Calling the U.S. government's decision not to use computers made by Chinese firm Lenovo due to security risks a violation of fair trade, China also said the this attitude reflects a "Cold War mentality."
"This is a discriminatory policy against the normal business of the Lenovo (Group)," Ministry of Commerce spokesman Chong Quan said in a statement on May 30. "It embodies a Cold War mentality and is arbitrarily invoking national security as a reason. This decision is unwise, it is an obstacle that violates fair competition and the principles of free trade," he said.
Chong's comments, posted on the ministry website, were the government's first on the issue since Washington announced on May 18 that the State Department would not go ahead with a plan to install 16,000 Lenovo computers.
The State Department bowed to angry objections from the U.S.-China Economic and Security Review Commission, a bipartisan panel of experts appointed by Congress, to review the deal for the computers signed in March.
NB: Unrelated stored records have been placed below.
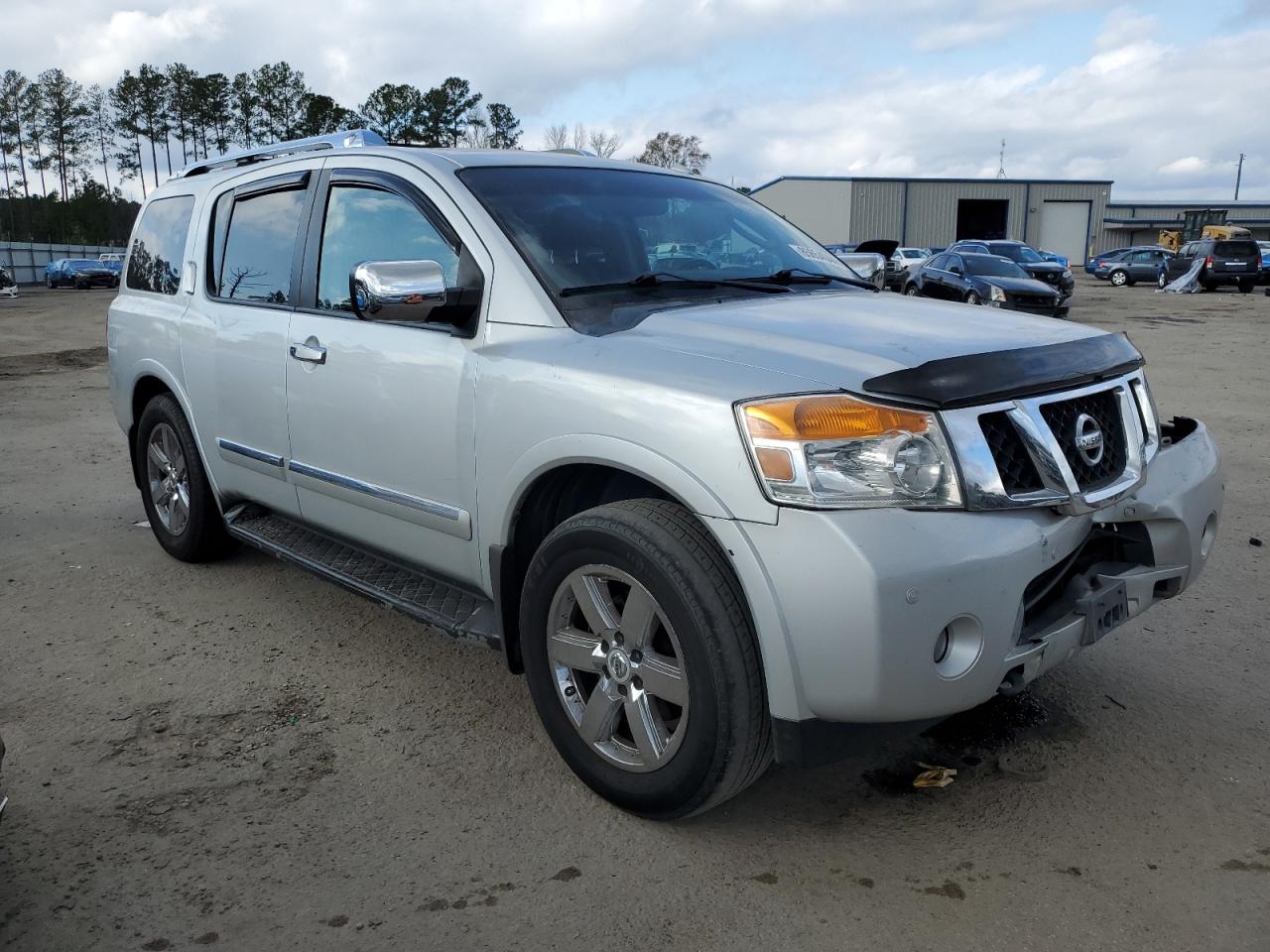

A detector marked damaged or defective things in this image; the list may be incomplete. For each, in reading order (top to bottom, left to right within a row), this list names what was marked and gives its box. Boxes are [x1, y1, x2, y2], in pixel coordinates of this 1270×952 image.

damaged front bumper [736, 416, 1218, 762]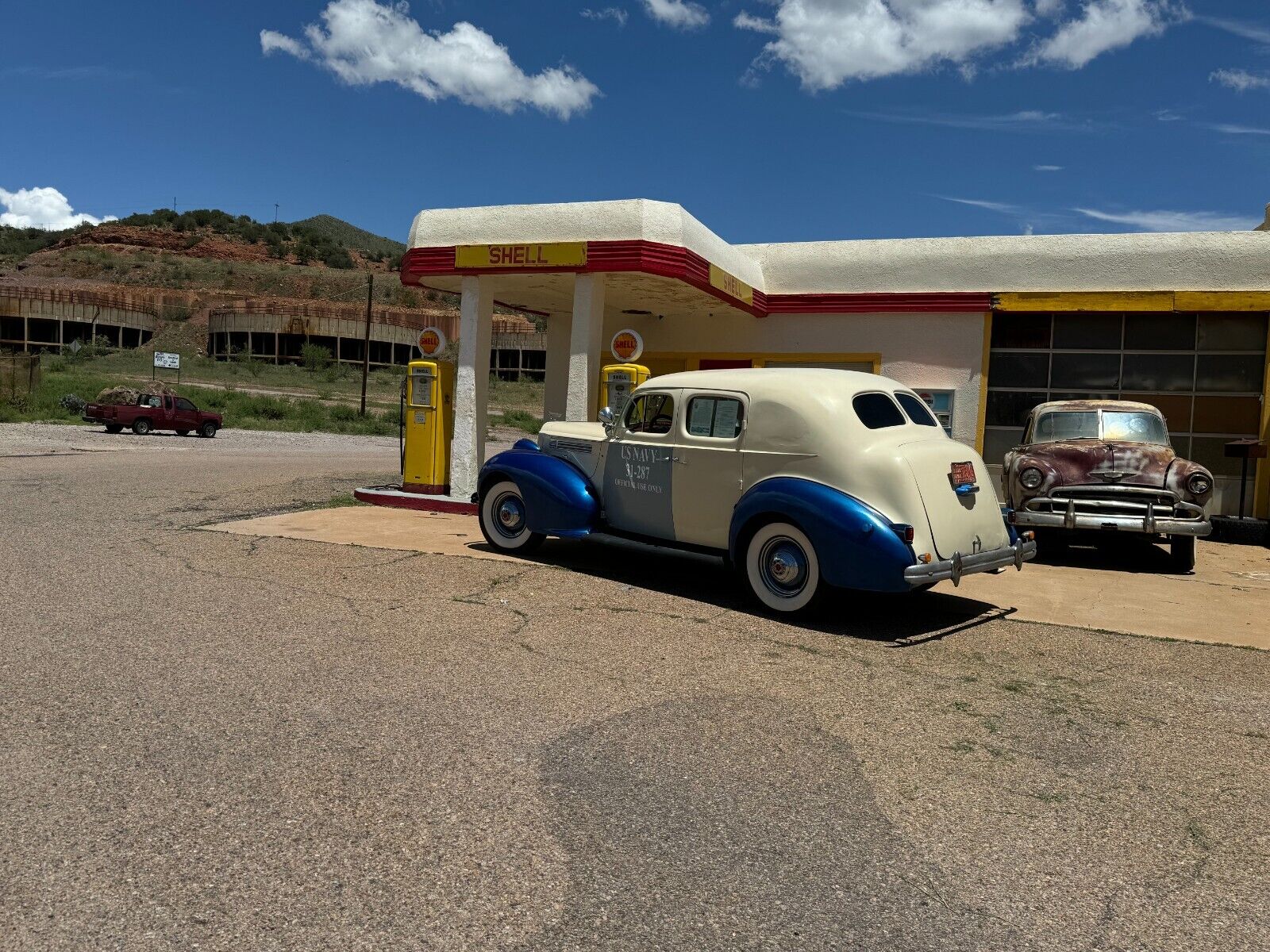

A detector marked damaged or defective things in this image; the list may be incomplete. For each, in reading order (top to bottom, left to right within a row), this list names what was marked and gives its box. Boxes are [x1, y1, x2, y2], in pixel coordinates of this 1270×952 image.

cracked asphalt [2, 425, 1270, 952]
rusty vintage car [1003, 397, 1213, 568]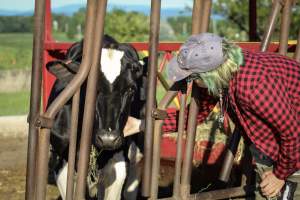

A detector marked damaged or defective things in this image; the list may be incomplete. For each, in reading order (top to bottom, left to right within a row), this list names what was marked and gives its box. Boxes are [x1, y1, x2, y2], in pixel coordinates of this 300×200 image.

rusty metal post [25, 0, 45, 198]
rusty metal post [34, 0, 97, 198]
rusty metal post [75, 0, 108, 198]
rusty metal post [143, 0, 162, 197]
rusty metal post [149, 91, 178, 198]
rusty metal post [180, 0, 211, 198]
rusty metal post [258, 0, 282, 51]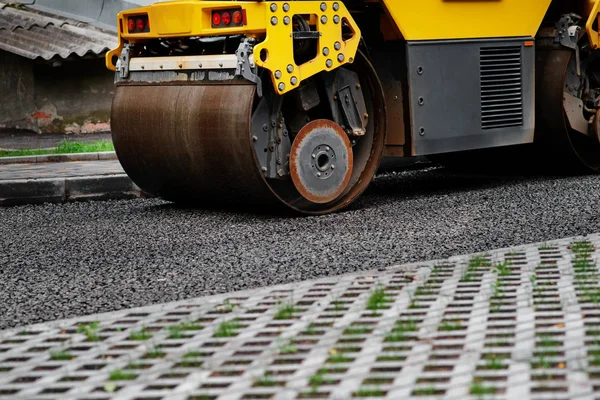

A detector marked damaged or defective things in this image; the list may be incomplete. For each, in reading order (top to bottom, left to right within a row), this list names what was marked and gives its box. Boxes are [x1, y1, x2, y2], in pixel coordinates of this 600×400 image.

U.S. politicians had said the plan to install the Lenovo computers raised serious concerns given accusations that China was aggressively spying on the U.S.
In 2004, Lenovo acquired the personal computer business of IBM for $1.75 billion, in what was then the largest buyout of an overseas concern by a mainland Chinese firm. The takeover was cleared by Washington despite objections from members of Congress about Lenovo being owned by Legend Holdings, which in turn is majority-owned by the state's Chinese Academy of Sciences.